Rich Dad Poor Dad (By Robert Kiyosaki) : Book Review

"The rich buy assets while the poor buy liabilities which they misinterpret as assets."

BOOKS

4/8/2023

I must begin with a candid confession: I regret not having read "Rich Dad Poor Dad" years ago, especially during those times when I was lost in life and wasting my time instead of investing it in acquiring financial literacy. However, I'm glad that I finally got around to it. Despite having read numerous books on wealth-building and financial journey, this one simply blew my mind. Although I had come across many recommendations for it, the title itself never appealed to me. But boy, was I wrong! This book perfectly articulates the key habits that distinguish the rich from the poor, habits that the author learned from his two dads. The moral of the story is not to judge a book by its cover, or in this case, by its title.

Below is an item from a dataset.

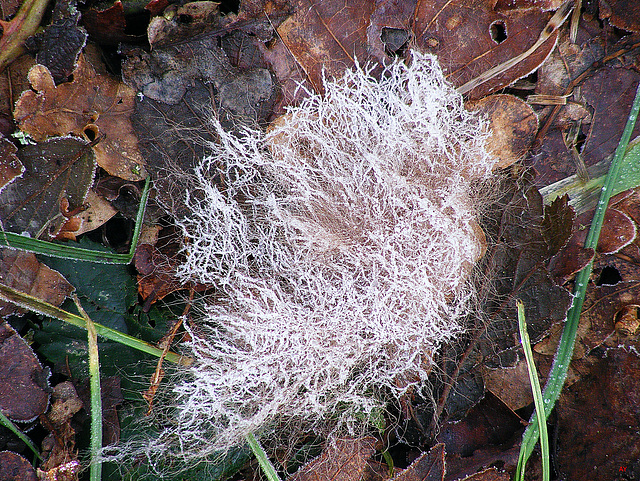 Frozen object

While my ignorance may be inconsequential to you, the lessons I've learned from this book are not. So, let's dive straight in.

Key Takeaways:

  1. The importance of financial literacy: Our education system is based on equipping us with the necessary skills to find a job and work for money, while neglecting the importance of financial knowledge. I don't think this is inherently wrong, but I agree with the author that financial literacy should be an integral part of our lives from childhood. This is how the author learned his wealth-building lessons early in life and developed habits that led to financial freedom. Financial literacy doesn't require a professional degree, but it does require a basic understanding of how to read financial statements, cash flows, and an awareness of laws and taxation systems.

  2. "Do not work for money, let the money work for you": This statement may sound confusing (it did to me at first), but it's a powerful reminder that we should not be slaves to our paychecks. Instead, we should leverage our money to work for us. The poor work for money, while the rich make their money work for them. The poor are trapped in their jobs, paying bills and living paycheck to paycheck. By failing to develop basic savings and investing habits and accumulating liabilities, they remain vulnerable and tied to their jobs, which can be taken away at any time. When their paychecks stop, they lose their sense of direction and struggle to get back on their feet. In contrast, the rich save and invest wisely, building their assets so that they have a safety net during tough times. In other words, their money works for them and frees them from present and future vulnerabilities. If I were to buy a luxurious car today, what would I do? The easiest way out would be to take a bank loan and cut corners to pay EMIs for 5-7 years. But in doing so, I would increase my liabilities and vulnerabilities for something I can't afford today. This is how the poor act. Instead, I could invest patiently in assets like equities and real estate that would give me enough returns to buy my favourite BMW when I can actually afford it. That's how money works for you. "The difference between the rich and the poor/middle-class people is that the rich buy assets while the latter buy liabilities which they misinterpret as assets." That's my favourite lesson from the book.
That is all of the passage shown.